= Beginning of Section =
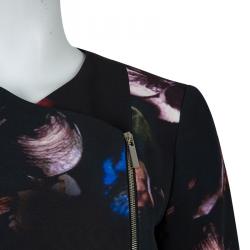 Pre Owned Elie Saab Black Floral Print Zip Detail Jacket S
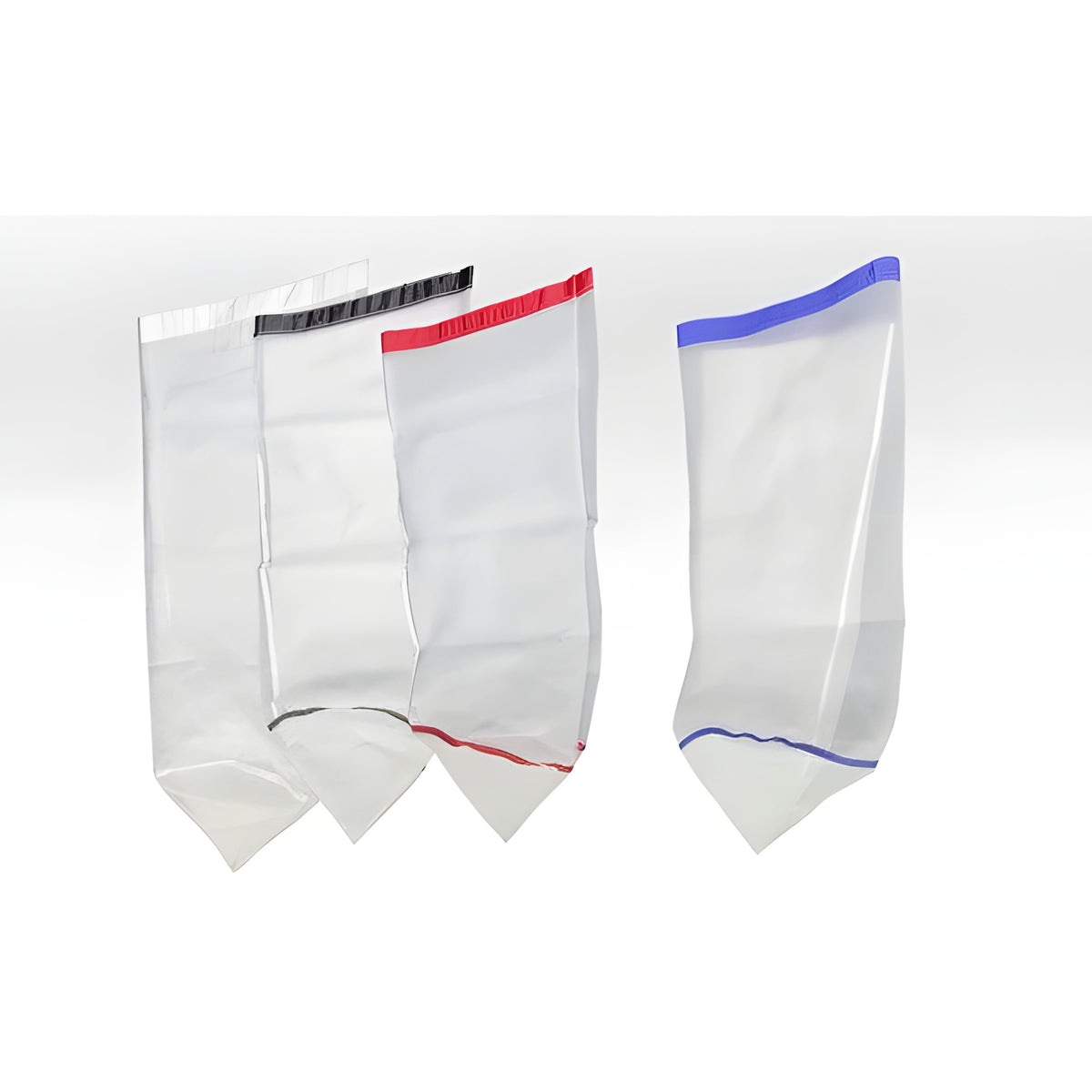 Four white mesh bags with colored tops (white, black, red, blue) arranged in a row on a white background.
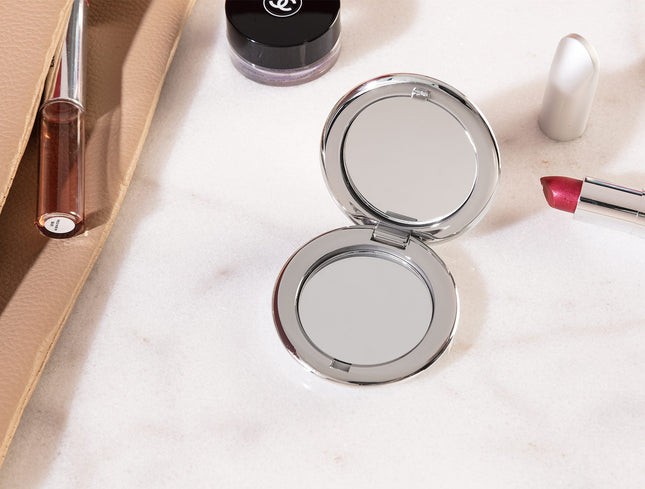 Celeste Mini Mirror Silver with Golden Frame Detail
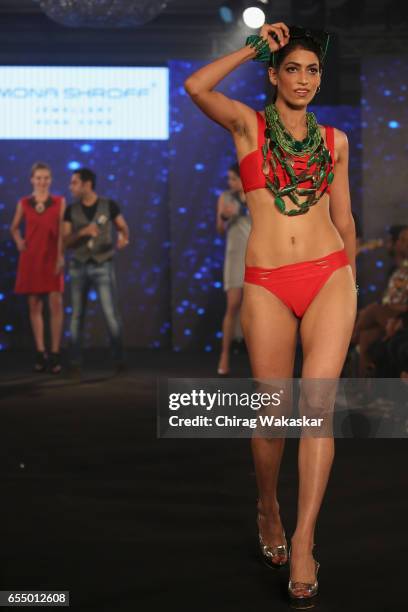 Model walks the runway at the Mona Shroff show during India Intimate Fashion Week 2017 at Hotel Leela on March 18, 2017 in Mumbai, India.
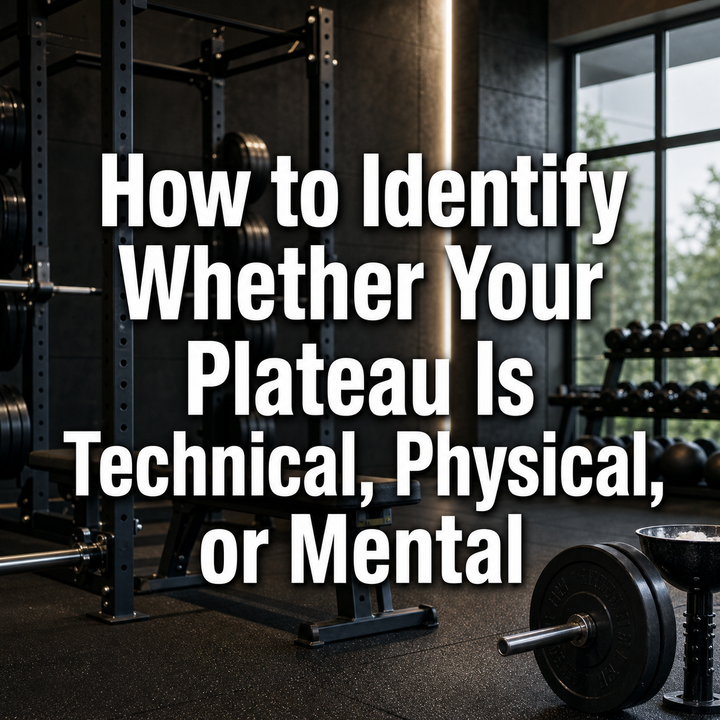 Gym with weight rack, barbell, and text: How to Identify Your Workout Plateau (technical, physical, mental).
= End of Section =
= Beginning of Section =
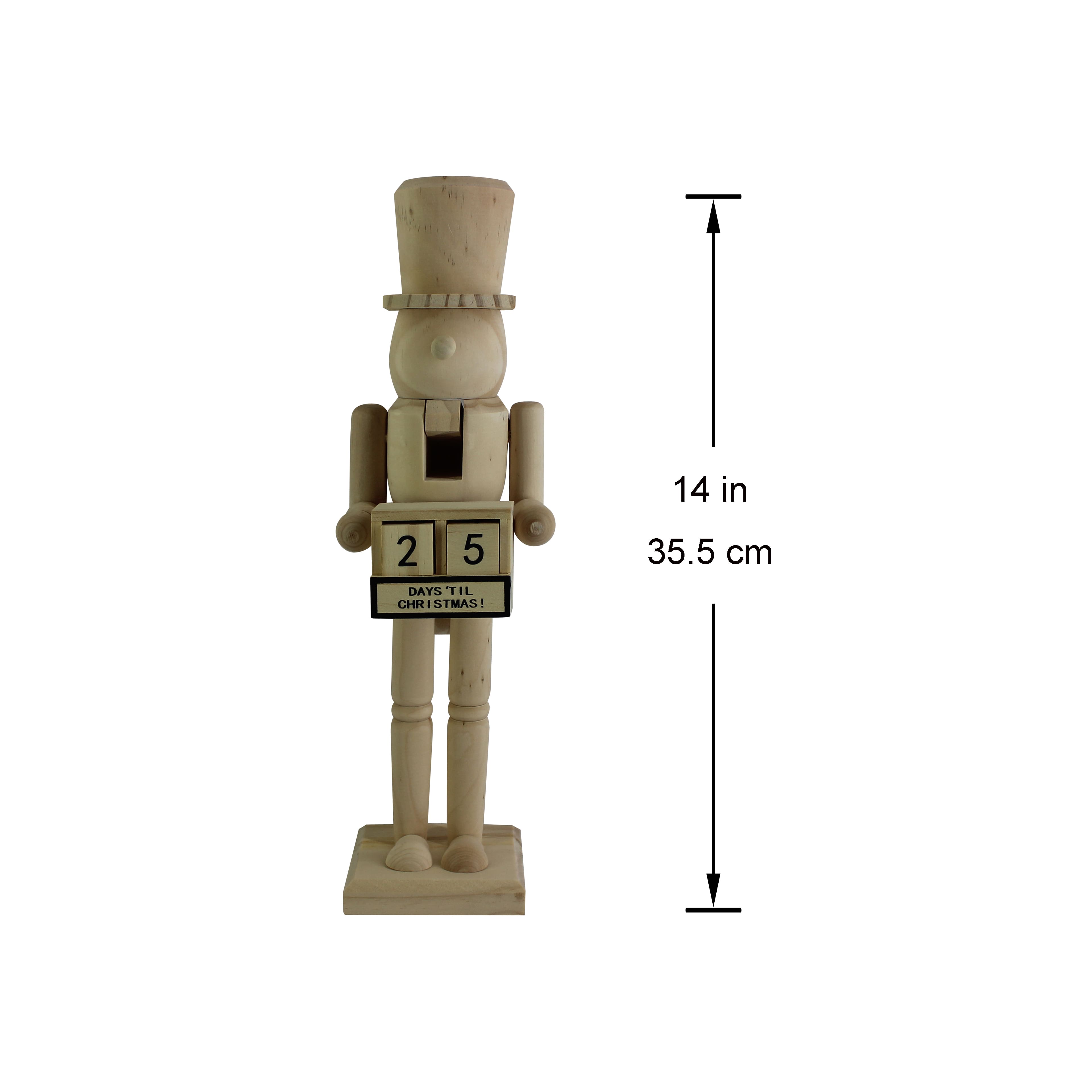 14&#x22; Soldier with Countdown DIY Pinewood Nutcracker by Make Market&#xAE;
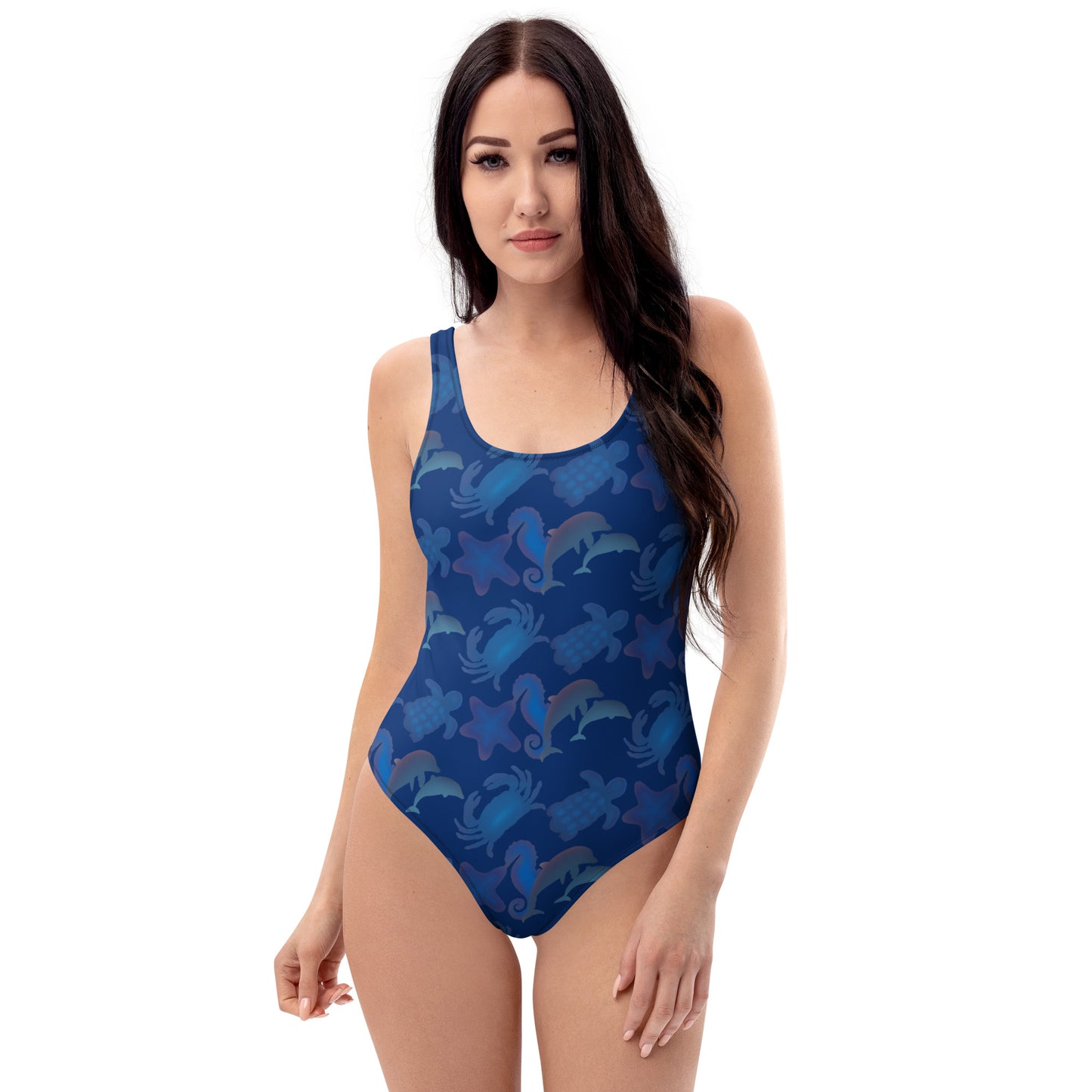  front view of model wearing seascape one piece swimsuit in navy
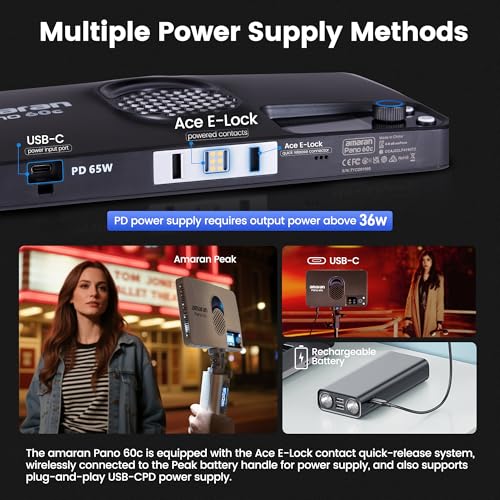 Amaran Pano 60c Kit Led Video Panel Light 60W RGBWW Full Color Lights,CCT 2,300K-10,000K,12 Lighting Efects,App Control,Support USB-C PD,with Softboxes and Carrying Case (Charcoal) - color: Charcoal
= End of Section =
= Beginning of Section =
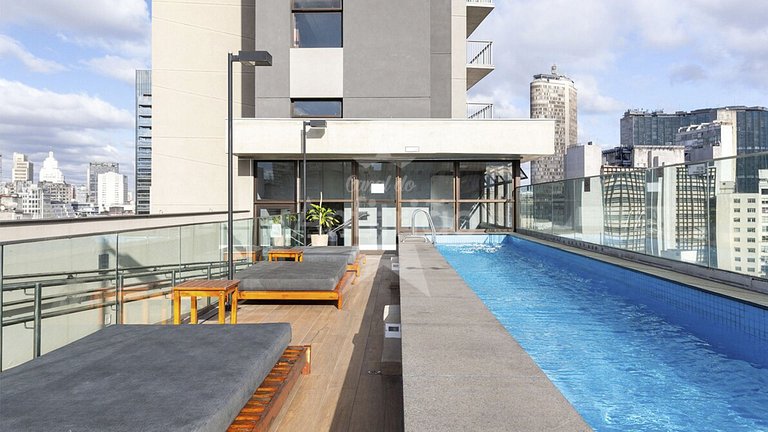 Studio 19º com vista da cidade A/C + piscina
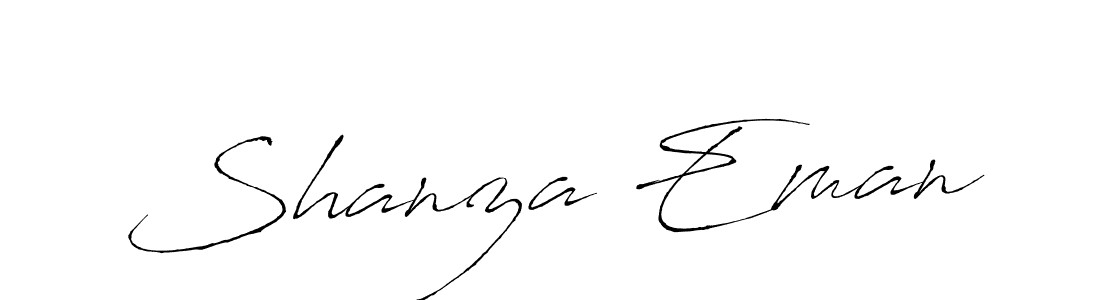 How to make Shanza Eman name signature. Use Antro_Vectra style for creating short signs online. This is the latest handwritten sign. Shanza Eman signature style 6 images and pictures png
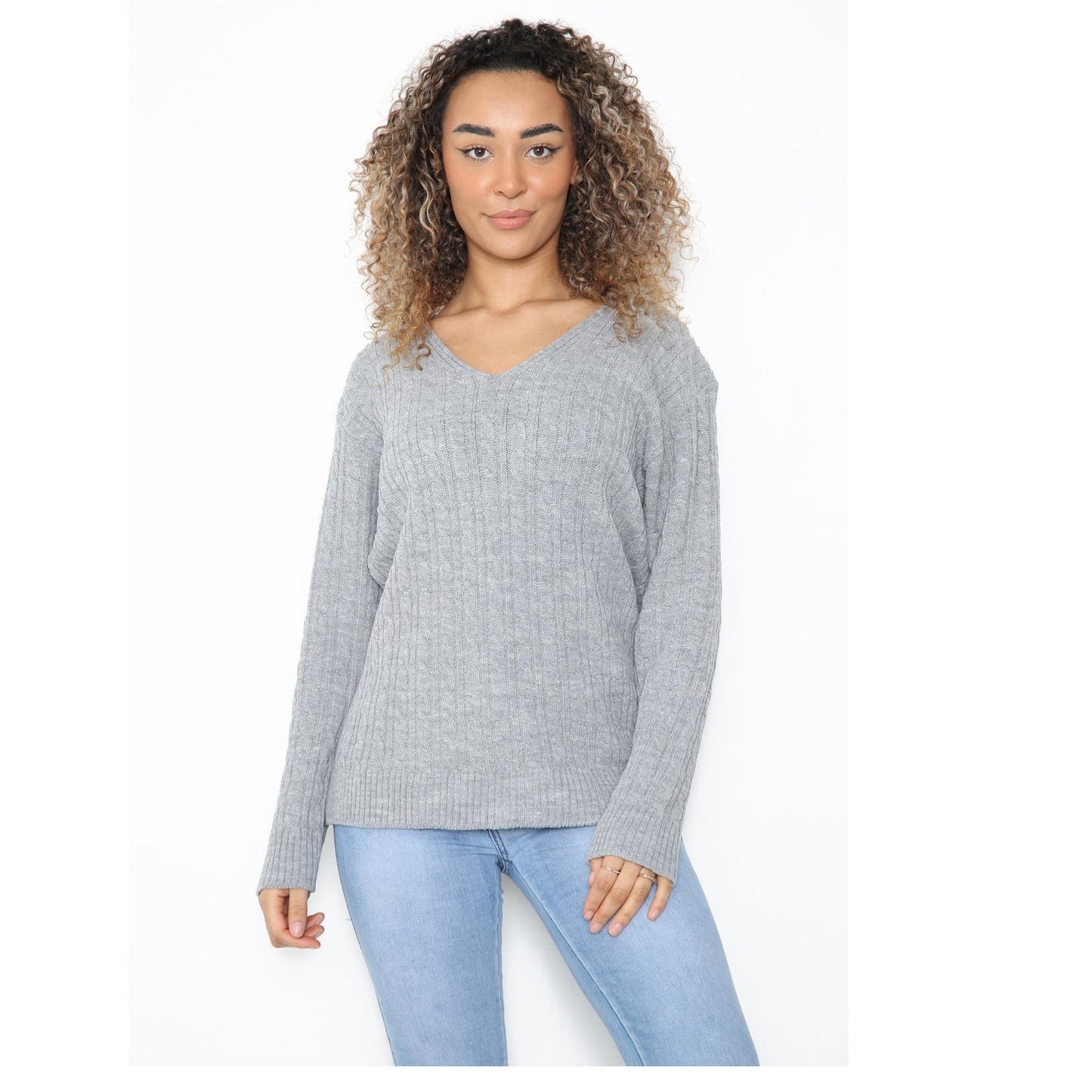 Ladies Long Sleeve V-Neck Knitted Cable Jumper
= End of Section =
*What you should do*:
From the listing above, please give again the lines that begin with the line holding "Four white mesh" and go on through the line holding "Model walks the", exactly, both ends included, minus any picture.

*Your response*:
 Four white mesh bags with colored tops (white, black, red, blue) arranged in a row on a white background.
 Celeste Mini Mirror Silver with Golden Frame Detail
 Model walks the runway at the Mona Shroff show during India Intimate Fashion Week 2017 at Hotel Leela on March 18, 2017 in Mumbai, India.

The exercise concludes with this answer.